Kimberly S Posted June 16, 2008 Posted June 16, 2008 I've heard one attorney argue that anyone employed at the time of the amendment cannot be "cut back" even though they are not yet a participant because they were promised the old benefit when hired. I've heard attorneys whose judgement I trust argue differently, but it's worth considering.

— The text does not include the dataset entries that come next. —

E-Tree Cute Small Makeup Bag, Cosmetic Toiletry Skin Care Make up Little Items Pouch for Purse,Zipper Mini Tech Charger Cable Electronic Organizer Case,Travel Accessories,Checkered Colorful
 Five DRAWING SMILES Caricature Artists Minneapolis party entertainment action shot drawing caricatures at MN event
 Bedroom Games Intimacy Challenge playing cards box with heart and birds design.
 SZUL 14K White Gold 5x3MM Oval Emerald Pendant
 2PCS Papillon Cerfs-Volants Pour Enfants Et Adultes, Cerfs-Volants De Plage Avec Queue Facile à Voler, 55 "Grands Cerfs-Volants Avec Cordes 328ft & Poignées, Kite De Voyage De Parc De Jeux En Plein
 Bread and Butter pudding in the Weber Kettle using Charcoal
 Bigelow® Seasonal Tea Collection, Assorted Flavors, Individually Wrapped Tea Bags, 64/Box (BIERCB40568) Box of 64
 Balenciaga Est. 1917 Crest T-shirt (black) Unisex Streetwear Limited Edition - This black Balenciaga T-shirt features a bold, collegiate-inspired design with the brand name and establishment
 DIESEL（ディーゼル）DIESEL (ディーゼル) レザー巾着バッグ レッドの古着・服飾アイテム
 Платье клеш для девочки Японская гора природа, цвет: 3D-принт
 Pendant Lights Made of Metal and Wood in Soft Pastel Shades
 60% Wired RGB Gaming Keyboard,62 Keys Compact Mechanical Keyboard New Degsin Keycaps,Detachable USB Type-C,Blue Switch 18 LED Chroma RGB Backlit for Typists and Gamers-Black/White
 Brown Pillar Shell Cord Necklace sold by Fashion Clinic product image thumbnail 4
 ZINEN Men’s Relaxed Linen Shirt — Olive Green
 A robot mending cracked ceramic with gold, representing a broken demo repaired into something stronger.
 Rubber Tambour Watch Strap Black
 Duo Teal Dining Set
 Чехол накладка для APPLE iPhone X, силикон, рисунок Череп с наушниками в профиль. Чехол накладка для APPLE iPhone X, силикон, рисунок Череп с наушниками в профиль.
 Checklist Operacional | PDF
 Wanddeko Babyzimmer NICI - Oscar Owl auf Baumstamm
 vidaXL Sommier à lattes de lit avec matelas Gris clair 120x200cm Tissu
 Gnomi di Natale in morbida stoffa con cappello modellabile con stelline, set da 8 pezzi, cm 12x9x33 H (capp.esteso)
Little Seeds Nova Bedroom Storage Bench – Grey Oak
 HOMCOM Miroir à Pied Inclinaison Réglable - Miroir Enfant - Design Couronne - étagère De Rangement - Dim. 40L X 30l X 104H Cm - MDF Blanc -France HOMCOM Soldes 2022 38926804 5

david rigby Posted June 16, 2008 Posted June 16, 2008 ... anyone employed at the time of the amendment cannot be "cut back" even though they are not yet a participant because they were promised the old benefit when hired. This principle may be relevant when discussing governmental plans, but if it's an ERISA plan, this is nonsense. Both IRC 411(d)(6) and the corresponding regulations refer to "participant". I'm a retirement actuary. Nothing about my comments is intended or should be construed as investment, tax, legal or accounting advice. Occasionally, but not all the time, it might be reasonable to interpret my comments as actuarial or consulting advice.
J Simmons Posted June 16, 2008 Posted June 16, 2008 For the rule against cutbacks, the 411d6 statute and regs protect the benefits of participants. For minimum coverage under 410b, some employees that are not participants must be taken into account in testing, such as part-time employees excluded under the terms of the plan but who have earned one (or two) eligibility years of service. For nondiscrimination under 401a4, including the regulation about timing of amendments, the regs specify HCEs defined to be such who benefits under the plan for the year, and NHCEs as any employee not an HCE as so defined. John Simmons johnsimmonslaw@gmail.com Note to Readers: For you, I'm a stranger posting on a bulletin board. Posts here should not be given the same weight as personalized advice from a professional who knows or can learn all the facts of your situation.
Kimberly S Posted June 16, 2008 Posted June 16, 2008 Glad to hear that you agree with what I've always understood. The questionable attorney (working for a brokerage firm home office) was on a conference call with me and the client, contradicting what I had just told the client. Since I am NOT an attorney, I quickly back pedaled and suggested that the client consult their own attorney.